Dataset records:
#####
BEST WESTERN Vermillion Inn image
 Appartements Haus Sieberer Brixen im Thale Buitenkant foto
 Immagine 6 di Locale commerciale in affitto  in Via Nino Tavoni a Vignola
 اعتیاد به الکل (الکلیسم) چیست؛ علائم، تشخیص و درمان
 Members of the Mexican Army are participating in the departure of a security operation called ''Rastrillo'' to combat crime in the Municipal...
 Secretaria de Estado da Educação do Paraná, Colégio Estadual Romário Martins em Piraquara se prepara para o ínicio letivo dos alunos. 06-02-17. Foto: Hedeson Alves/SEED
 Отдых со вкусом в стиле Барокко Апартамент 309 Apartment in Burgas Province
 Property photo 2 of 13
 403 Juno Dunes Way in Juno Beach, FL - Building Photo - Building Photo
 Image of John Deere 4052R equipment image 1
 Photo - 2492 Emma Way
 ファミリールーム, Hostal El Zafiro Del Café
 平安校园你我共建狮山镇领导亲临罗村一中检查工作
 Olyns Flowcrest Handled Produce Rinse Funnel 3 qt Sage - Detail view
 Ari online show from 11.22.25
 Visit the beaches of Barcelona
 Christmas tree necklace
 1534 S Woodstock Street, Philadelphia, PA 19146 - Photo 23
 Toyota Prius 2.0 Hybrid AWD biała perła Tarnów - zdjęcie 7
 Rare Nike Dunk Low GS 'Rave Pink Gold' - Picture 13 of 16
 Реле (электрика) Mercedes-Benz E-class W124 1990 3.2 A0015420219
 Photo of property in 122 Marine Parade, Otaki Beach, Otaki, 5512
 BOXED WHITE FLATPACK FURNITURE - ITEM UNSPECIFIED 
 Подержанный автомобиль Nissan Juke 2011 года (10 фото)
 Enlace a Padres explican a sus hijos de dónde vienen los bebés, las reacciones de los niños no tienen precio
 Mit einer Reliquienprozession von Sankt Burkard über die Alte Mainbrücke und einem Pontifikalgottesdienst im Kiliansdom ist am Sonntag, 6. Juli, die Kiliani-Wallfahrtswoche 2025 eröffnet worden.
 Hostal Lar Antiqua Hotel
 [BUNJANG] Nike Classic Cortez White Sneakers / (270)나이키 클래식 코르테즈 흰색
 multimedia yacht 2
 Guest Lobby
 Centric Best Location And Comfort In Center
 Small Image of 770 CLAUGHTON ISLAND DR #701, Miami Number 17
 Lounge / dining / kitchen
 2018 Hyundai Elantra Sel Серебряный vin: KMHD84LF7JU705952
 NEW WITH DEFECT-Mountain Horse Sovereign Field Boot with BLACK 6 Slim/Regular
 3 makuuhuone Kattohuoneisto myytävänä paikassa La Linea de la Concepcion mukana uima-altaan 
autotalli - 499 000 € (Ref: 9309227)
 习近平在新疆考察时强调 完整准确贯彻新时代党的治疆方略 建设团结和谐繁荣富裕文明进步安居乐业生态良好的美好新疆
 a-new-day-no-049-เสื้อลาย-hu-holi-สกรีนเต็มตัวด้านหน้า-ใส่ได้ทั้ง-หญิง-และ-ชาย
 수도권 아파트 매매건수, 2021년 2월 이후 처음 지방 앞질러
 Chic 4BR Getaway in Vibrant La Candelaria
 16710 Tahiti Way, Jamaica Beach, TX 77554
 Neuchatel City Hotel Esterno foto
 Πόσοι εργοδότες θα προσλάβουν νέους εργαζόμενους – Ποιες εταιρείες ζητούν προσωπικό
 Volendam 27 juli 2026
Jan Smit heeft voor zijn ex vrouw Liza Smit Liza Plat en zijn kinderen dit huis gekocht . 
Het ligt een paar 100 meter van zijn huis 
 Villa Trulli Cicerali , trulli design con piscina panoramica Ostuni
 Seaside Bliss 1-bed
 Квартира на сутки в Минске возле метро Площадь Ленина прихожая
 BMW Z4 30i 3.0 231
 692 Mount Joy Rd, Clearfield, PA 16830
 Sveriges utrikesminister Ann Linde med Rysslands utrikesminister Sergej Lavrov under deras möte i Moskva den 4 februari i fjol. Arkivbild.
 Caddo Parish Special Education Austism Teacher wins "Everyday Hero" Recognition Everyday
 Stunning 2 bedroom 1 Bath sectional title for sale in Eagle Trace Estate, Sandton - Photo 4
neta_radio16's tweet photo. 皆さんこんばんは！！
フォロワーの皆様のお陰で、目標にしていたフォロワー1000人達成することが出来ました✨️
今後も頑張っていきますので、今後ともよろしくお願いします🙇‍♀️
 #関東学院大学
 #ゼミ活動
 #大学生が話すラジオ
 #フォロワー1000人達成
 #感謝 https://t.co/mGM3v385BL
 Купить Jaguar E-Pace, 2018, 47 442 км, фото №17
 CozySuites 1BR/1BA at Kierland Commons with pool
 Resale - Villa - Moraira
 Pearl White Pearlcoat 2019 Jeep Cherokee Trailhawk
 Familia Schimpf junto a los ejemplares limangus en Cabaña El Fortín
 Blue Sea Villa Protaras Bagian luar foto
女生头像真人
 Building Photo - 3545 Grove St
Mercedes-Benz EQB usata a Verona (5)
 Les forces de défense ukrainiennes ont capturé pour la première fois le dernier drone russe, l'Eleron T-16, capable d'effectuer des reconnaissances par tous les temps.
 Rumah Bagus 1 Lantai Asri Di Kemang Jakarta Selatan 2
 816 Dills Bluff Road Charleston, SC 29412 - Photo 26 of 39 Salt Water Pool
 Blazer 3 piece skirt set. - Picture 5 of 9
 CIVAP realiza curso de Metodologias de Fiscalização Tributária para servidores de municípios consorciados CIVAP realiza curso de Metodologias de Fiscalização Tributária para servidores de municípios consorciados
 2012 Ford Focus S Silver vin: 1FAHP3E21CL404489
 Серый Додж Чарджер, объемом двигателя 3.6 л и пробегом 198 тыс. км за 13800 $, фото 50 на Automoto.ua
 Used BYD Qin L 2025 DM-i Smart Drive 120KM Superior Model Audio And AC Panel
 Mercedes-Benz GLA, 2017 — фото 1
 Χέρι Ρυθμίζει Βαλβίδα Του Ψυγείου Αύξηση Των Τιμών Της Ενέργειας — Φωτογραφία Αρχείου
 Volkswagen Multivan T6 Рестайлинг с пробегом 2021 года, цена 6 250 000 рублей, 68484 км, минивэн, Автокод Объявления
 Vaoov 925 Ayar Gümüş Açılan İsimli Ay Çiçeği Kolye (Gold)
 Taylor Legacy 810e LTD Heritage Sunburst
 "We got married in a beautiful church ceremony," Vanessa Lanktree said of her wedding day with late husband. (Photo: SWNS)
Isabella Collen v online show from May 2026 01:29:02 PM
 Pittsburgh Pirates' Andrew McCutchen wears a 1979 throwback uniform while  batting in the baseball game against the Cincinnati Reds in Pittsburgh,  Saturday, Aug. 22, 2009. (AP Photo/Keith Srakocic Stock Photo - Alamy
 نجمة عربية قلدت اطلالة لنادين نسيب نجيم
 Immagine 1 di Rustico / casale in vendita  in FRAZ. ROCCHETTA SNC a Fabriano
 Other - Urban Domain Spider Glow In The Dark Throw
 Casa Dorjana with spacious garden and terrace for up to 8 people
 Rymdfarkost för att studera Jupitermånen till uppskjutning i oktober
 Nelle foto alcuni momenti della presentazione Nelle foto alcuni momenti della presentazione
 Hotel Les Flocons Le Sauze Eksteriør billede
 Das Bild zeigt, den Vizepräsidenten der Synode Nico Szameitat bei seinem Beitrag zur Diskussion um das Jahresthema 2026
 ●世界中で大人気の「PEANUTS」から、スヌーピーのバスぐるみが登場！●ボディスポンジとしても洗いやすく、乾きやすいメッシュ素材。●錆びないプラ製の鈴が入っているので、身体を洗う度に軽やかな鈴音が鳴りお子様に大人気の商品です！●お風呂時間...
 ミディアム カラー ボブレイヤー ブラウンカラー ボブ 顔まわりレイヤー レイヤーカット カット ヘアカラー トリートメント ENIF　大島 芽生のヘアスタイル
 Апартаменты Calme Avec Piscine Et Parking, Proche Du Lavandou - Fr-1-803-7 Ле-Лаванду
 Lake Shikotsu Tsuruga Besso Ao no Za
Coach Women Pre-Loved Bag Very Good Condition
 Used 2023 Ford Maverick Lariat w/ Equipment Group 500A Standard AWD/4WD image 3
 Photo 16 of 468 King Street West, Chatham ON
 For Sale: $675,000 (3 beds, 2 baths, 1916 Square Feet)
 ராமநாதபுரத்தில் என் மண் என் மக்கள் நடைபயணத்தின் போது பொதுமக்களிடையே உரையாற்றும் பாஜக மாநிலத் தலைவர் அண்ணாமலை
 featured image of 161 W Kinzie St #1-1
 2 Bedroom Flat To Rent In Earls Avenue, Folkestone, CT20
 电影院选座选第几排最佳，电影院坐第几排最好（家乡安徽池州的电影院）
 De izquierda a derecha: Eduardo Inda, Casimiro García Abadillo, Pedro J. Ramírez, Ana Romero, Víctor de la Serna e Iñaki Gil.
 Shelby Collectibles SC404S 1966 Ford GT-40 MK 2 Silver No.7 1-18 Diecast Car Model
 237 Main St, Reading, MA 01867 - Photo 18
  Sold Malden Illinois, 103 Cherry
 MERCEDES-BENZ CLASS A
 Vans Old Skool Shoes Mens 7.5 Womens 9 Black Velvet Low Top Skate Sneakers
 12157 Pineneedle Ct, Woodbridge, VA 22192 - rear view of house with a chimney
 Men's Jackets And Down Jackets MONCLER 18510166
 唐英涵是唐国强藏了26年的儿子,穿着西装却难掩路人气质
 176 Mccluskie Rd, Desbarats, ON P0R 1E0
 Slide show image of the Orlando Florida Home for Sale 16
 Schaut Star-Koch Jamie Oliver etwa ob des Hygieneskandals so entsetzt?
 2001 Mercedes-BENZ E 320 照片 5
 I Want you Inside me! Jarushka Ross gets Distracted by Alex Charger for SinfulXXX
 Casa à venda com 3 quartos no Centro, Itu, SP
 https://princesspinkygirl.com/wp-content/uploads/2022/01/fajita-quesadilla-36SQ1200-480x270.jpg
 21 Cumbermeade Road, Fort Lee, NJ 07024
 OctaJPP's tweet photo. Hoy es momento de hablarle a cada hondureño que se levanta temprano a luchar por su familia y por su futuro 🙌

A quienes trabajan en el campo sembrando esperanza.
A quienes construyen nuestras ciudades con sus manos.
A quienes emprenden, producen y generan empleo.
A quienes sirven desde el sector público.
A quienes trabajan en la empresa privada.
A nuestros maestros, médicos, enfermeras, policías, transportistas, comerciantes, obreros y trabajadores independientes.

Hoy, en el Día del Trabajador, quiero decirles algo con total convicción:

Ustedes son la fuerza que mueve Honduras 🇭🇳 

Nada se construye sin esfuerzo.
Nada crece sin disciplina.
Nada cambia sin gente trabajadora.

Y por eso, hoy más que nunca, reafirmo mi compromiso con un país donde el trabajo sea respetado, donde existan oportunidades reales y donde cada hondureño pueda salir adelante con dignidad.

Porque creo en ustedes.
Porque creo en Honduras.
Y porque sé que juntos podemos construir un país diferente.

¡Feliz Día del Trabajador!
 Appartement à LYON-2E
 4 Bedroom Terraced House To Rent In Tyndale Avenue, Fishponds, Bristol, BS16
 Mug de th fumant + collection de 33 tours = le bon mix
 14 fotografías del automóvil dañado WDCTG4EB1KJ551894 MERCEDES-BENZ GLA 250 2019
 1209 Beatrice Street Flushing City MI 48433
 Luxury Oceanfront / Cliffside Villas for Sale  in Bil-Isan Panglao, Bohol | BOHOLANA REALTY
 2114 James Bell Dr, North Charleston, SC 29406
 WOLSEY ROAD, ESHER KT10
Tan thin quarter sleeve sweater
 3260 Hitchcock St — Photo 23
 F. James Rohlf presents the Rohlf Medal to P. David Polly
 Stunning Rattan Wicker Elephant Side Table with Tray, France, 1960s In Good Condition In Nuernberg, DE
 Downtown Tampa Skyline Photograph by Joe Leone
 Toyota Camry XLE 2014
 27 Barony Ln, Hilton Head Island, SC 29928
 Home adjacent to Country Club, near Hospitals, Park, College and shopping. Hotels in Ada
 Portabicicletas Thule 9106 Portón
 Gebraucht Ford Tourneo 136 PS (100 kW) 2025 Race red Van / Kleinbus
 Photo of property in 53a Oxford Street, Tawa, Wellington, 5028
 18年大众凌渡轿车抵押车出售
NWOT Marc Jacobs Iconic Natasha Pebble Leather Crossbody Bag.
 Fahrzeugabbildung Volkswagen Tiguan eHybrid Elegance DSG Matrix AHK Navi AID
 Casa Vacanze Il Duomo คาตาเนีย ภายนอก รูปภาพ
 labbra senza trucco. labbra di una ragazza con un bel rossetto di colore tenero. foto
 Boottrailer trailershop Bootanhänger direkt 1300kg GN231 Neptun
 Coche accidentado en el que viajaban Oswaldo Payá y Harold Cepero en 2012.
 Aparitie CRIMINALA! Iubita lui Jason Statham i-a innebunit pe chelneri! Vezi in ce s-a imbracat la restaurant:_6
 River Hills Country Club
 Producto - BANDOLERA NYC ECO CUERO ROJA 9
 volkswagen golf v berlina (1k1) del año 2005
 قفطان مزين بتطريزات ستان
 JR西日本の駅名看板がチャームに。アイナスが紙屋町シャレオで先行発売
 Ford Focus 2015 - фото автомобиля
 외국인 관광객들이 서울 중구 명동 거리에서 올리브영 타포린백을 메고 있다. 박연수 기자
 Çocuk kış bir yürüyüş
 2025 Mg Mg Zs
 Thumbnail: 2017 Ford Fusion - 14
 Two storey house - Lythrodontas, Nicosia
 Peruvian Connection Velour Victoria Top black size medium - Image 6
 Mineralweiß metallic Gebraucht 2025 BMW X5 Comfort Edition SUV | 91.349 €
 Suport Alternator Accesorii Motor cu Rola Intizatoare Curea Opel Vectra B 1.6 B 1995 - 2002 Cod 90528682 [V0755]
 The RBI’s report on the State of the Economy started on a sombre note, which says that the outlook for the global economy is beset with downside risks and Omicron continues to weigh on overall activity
#####
--- Work required ---
Starting at the line that has "Купить Jaguar E-Pace, 2018, 47" in the records above, restate word for word every line until the one that has "Mercedes-Benz EQB usata a Verona (5)", and include that one as well.

--- Result ---
 Купить Jaguar E-Pace, 2018, 47 442 км, фото №17
 CozySuites 1BR/1BA at Kierland Commons with pool
 Resale - Villa - Moraira
 Pearl White Pearlcoat 2019 Jeep Cherokee Trailhawk
 Familia Schimpf junto a los ejemplares limangus en Cabaña El Fortín
 Blue Sea Villa Protaras Bagian luar foto
女生头像真人
 Building Photo - 3545 Grove St
Mercedes-Benz EQB usata a Verona (5)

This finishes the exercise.